**Data for this task:**
────

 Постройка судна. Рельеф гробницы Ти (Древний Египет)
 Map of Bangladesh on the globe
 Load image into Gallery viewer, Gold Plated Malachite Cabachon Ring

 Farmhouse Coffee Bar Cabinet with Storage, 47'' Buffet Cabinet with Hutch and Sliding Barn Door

────

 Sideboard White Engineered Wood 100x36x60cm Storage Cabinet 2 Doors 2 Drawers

────

**Problem:**
Write down exactly the span of lines above from the one containing "Постройка судна. Рельеф" to the one containing "Farmhouse Coffee Bar", both ends included.

**Exercise result:**
 Постройка судна. Рельеф гробницы Ти (Древний Египет)
 Map of Bangladesh on the globe
 Load image into Gallery viewer, Gold Plated Malachite Cabachon Ring

 Farmhouse Coffee Bar Cabinet with Storage, 47'' Buffet Cabinet with Hutch and Sliding Barn Door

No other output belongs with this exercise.